THE UNDERCOVER ECONOMIST STRIKES BACK

How to Run—or Ruin—an Economy

by Tim Harford

Pub Date: Jan. 16th, 2014
ISBN: 978-1-59463-140-5
Publisher: Riverhead

It’s hard enough to manage, or even understand, our own finances. The “Undercover Economist” seeks to teach us how to manage the economic affairs of nations.

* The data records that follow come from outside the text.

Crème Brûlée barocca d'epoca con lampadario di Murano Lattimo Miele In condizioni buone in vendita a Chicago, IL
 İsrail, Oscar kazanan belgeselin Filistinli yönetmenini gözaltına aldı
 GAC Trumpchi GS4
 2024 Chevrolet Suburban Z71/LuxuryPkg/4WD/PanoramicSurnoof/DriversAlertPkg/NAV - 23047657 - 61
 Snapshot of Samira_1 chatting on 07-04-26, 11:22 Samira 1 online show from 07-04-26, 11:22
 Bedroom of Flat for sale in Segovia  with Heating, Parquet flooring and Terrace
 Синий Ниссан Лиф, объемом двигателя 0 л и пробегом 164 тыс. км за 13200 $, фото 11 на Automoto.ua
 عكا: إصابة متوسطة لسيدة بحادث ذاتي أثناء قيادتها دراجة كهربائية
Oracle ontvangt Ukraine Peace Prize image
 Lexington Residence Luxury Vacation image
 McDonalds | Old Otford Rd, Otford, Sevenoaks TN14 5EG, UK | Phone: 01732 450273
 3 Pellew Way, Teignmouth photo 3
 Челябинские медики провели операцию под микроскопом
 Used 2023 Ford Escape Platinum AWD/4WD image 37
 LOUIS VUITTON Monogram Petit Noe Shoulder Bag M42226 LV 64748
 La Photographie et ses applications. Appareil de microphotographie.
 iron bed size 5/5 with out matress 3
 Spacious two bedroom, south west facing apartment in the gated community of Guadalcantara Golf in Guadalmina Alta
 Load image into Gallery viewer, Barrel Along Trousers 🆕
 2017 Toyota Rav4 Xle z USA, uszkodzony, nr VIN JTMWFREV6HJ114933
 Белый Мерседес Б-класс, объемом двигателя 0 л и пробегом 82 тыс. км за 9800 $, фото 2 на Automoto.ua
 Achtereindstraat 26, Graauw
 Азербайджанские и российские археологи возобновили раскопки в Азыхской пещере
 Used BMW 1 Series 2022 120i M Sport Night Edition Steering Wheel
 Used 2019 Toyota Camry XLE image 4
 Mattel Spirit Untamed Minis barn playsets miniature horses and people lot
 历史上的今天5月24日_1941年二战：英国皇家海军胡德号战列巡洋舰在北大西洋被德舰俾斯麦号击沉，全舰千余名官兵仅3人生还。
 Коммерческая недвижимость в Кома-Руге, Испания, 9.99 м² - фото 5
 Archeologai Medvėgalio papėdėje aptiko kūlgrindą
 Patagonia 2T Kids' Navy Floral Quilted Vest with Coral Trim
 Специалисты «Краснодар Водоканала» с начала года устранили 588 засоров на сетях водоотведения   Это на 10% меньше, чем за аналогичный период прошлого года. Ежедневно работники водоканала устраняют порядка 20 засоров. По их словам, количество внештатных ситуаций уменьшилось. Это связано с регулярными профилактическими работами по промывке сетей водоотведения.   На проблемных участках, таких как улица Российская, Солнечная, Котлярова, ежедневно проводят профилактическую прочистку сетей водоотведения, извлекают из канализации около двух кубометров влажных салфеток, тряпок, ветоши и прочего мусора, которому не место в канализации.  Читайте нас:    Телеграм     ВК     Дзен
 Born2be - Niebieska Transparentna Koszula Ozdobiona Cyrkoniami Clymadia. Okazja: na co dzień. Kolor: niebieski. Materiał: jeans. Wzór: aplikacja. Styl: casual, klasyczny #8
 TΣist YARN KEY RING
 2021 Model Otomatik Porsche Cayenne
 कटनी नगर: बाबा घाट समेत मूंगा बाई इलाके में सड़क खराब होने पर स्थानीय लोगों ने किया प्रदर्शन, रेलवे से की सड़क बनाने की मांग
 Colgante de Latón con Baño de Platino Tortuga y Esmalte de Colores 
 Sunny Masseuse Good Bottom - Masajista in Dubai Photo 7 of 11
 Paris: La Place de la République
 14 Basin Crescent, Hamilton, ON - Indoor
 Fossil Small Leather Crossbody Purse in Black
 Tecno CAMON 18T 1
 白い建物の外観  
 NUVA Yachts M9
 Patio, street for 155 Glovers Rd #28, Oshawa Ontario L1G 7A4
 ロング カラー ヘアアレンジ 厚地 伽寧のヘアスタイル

Before we can fix the world’s dysfunctional economies, Financial Times columnist Harford (Adapt: Why Success Always Starts with Failure, 2011, etc.) would have us understand the forces that make national and global fortunes thrive or fail—i.e., macroeconomics. Harford is a Socratic sort of tutor; here, he presents the questions from the point of view of a wonkish student. Money, we learn, encompasses three things: a store of value, a medium of exchange and a means of accounting. Harford neatly defines such terms as “nominal GDP targeting,” “recession,” “liquidity trap,” “price rigidity,” “consumption smoothing” and “spending multiplier.” Remarkably, it is all quite accessible and occasionally waggish. Readers will easily follow a discussion of stimulus versus austerity and determining the right amount of inflation (3 or 4 percent). The author also notes that printing money is sometimes a good practice. John Maynard Keynes, the patriarch of modern macroeconomics, is the right fellow for the short term, and the classic economists are fine for the long haul. As the recent crisis teaches, understanding and managing a global economy is difficult and complex, requiring many thinkers. Harford examines Keynes, Paul Samuelson, Paul Krugman, Joseph Stiglitz and other wise practitioners. There is much to learn from the Underground Economist’s primer, though against whom he is striking back, as the title has it, isn’t clear. Readers may not be called upon to manipulate the world’s economies, but the next time a conversation turns to the “Phillips Curve,” Harford’s students need not be excluded.

Uncovering cant and weak practice with some common sense and plenty of experience, Harford puts the art of macroeconomics within reach, making the unruly study considerably less dismal.